Les résultats confirment notre hypothèse. Les mots sans lettres muettes sont les plus faciles (55% de ces mots étaient épelés correctement), les mots ayant une lettre muette dérivable sont d’un niveau intermédiaire (36% de ces mots étaient épelés correctement), et les mots ayant une lettre muette indérivable sont les plus difficiles (26% de ces mots étaient épelés correctement). De plus, il y avait des différences entre les mots ayant une lettre muette dérivable. Ainsi, les mots que l’on peut mettre au féminin (par ex., bavard et bavarde) sont plus facile que les mots ayant des dérivés plus obscurs (par ex., retard et retarder, fusil et fusiller).
Les erreurs les plus fréquentes pour les mots sans lettres muettes étaient l’ajout d’un e à la fin du mot (par ex., tiroire) tandis que l’erreur la plus fréquente pour les mots avec lettres muettes était l’omission de la lettre muette (par ex., bavar ou foular).
La performance des élèves de 4e (52% des mots étaient épelés correctement) était supérieure à celle des élèves de 2e (24% des mots étaient épelés correctement). Cependant, le degré de difficulté entre les mots était le même aux deux niveaux scolaires.
Résulats : Rôle du langage dans le développement de l’orthographe
Nous voulions examiner les différences individuelles entre les élèves dans l’épellation de mots avec lettres muettes. Pour ce faire, nous avons mené des analyses très conservatrices qui nous ont permis de contrôler pour un ensemble de facteurs importants. Ainsi, nous avons contrôlé les différences entre les niveaux scolaires, les habitudes de lecture, les habiletés d’orthographe de mots sans lettres muettes et le vocabulaire des enfants. Après avoir effectué tous ces contrôles, nous trouvons que les habiletés phonémiques et les habiletés morphémiques permettent d’expliquer les différences entre les élèves.
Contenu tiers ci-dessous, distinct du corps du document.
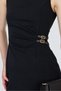 Rochie midi neagră detaliu la curea 251636 - 4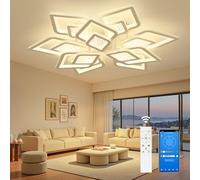 EASY EAGLE Lampara Techo Regulable: Plafon Led Techo Moderno con Mando a Distancia y APP 3000K-6500K, Luz de Techo para Salon Dormitorio Moderno, 80W 72CM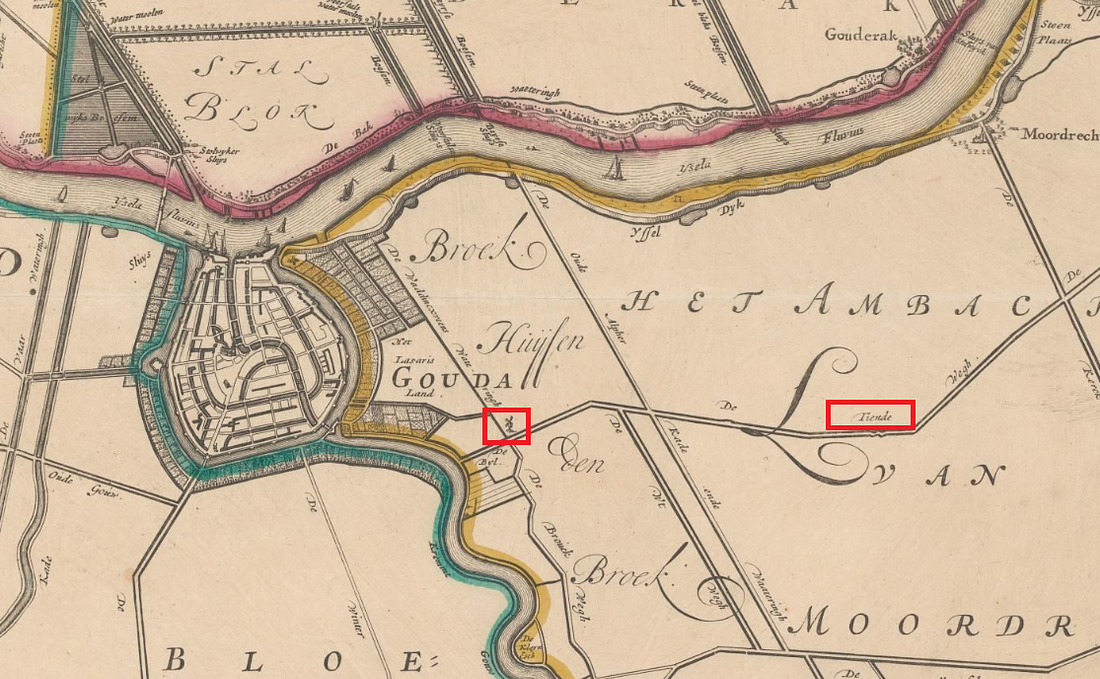 1, Molen 06488 f Polder Beneden Haastrecht (Haastrecht), uitsnede van kaart van Leupenius uit 1683 (collectie Rijksmuseum) | Database Nederlandse molens
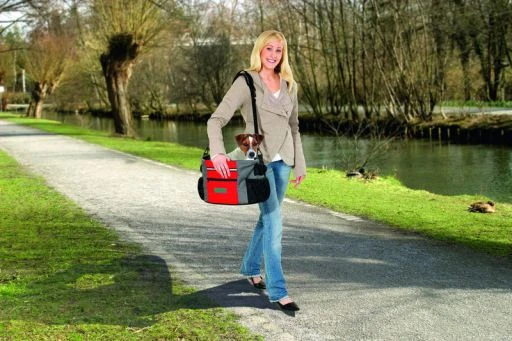 Flamingo Bicycle Basket Nylon Doggy Travel Junior Nylon, Gray / Red 38x28x27cm 6 Flamingo Bicycle Basket Nylon Doggy Travel Junior Nylon, Gray / Red 38x28x27cm - Image 6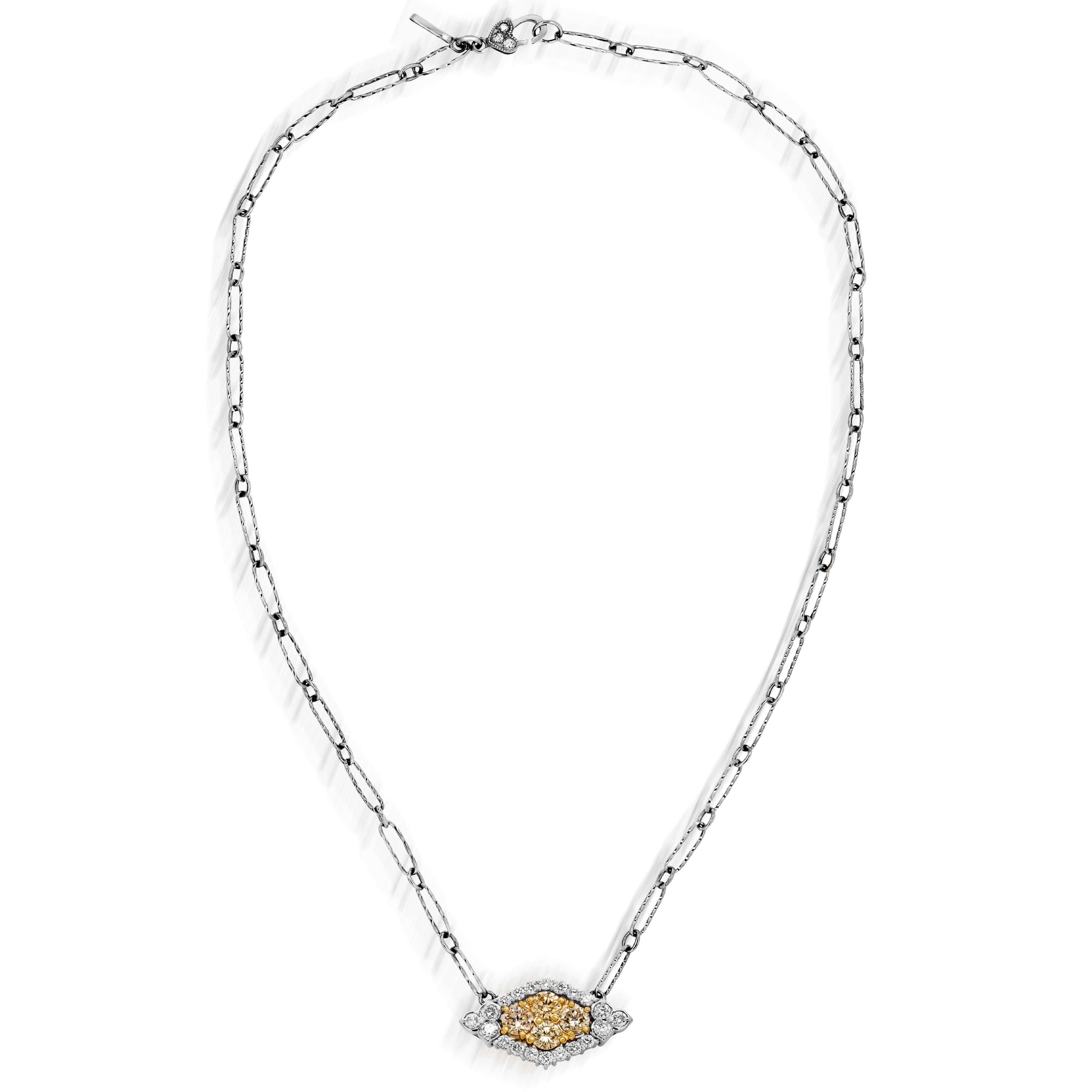 Stambolian 18K Gold Fancy Yellow Diamond Marquise Pendant Necklace Front View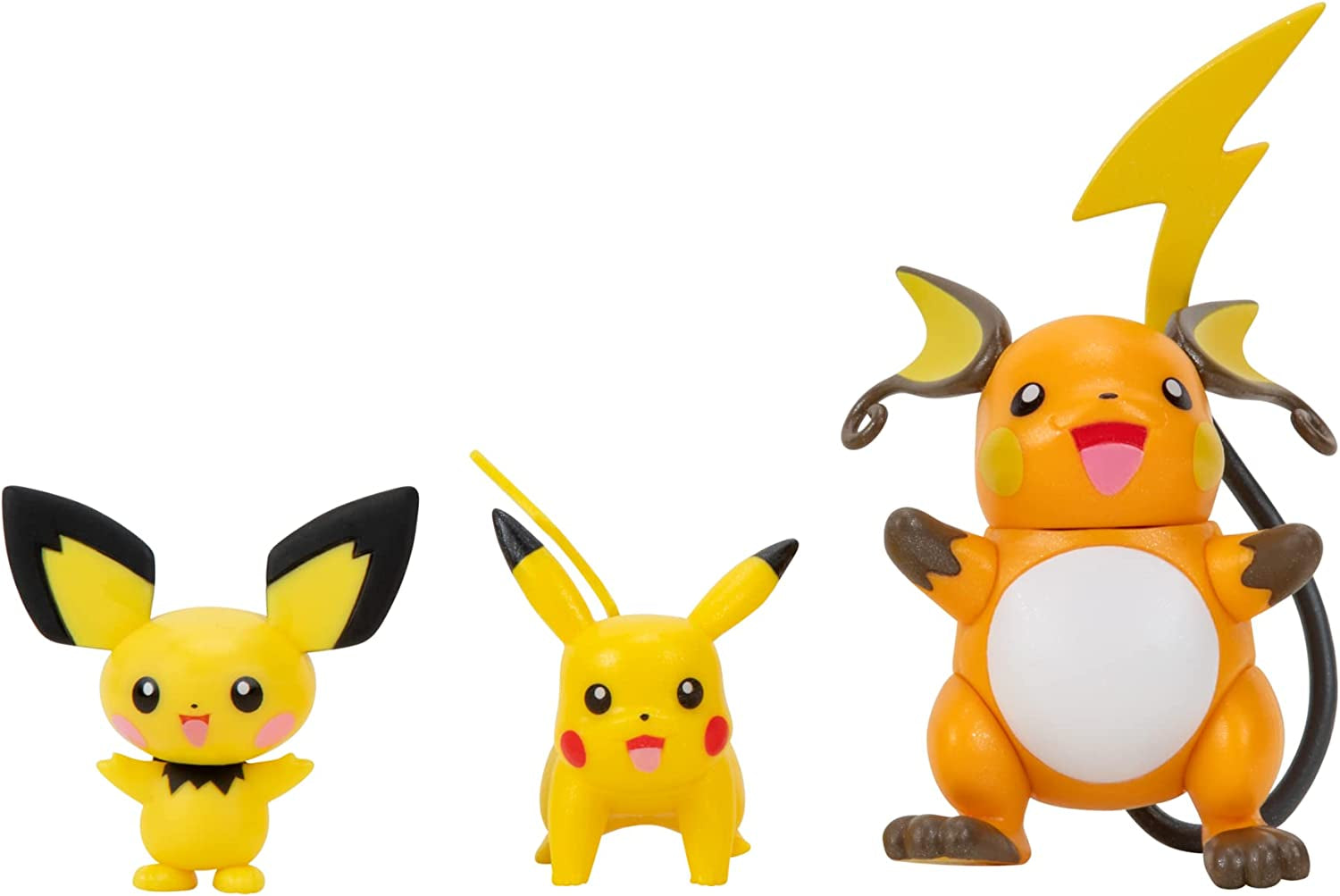 Pokemon PKW2778 Select 3-Pack med Pichu og Pikachu og 7,6 cm Raichu Battle Figures Evolution Multipack Style 2 Action Figures Naty Shop Multipack - Pichu, Pikachu, Raichu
En d’autres mots, les élèves qui avaient de meilleures habiletés phonémiques et morphémiques avaient plus de faciliter à épeler les mots avec lettres muettes. Ces résultats démontrent que des aspects très précis du langage des élèves jouent un rôle important dans l’apprentissage de l’orthographe.
Nous croyons que ces résultats seront d’intérêt aux enseignants (e)s et aux parents. Nous remercions les directeurs (trices) d’écoles, les enseignants (e)s, et les parents de leur aide précieuse. Enfin, nous remercions particulièrement les enfants pour leur enthousiasme lors de leur participation. Veuillez recevoir nos salutations cordiales.